Hacker News new | ask | show | jobs
by jiggawatts 903 days ago
On disk, SQL Server uses only b-trees, unless using the new ColumnStore format.

In memory during a query it can use temporary indexes of other types, primarily hash tables and bitmaps.

Its performance on ad-hoc complex queries is about as good as it gets, few if any other RDBMS can beat its performance, but under the hood it’s still mostly just doing joins on b-trees!

1 comments

> ..under the hood it’s still mostly just doing joins on b-trees!

I could see the on-disk format needing to be simple and stable, but once the datas buffered who knows what structures and algorithms these proprietary engines are using? You would need to have done some reverse engineering or had hands-on details from the inside which presumably comes w/legal consequences for leaking them.

It tells you what it uses when you inspect the “query plans”. There’s some fairly technical explanation in the docs of what each of the operators do.

Generally the secret sauce in these things is the query optimiser heuristics.

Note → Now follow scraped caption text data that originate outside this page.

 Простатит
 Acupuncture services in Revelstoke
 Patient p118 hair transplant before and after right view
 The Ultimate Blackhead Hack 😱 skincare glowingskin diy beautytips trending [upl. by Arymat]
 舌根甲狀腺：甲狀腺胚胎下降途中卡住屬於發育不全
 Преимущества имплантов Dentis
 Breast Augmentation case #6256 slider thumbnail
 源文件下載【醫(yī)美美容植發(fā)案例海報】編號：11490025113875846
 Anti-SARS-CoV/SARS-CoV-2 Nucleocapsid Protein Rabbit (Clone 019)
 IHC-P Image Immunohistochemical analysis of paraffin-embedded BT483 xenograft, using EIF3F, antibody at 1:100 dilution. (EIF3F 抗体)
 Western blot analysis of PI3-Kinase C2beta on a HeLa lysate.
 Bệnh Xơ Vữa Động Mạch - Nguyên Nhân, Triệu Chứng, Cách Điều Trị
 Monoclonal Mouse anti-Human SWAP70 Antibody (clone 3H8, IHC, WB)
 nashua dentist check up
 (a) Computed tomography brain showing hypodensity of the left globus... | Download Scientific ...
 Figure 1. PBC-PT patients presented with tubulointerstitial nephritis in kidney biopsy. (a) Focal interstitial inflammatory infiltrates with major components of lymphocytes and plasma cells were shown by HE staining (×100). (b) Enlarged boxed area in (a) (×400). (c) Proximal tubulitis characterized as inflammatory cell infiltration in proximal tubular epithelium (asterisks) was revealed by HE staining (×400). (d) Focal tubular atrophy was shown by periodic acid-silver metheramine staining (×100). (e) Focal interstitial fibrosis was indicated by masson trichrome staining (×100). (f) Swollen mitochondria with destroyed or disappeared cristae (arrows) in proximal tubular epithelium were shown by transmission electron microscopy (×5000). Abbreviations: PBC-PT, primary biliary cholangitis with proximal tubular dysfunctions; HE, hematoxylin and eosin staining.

The actual data structures and algorithm are often relatively simple.

Having said that, I’ve read their whitepaper on how they implement hash tables, and… it’s way more complex than I had assumed.

They cater for scenarios like many duplicated keys, parallel construction, unbalanced load across CPU cores, etc…

the query plan says "key lookup" or "index seek" can we really assume anything about the implementation?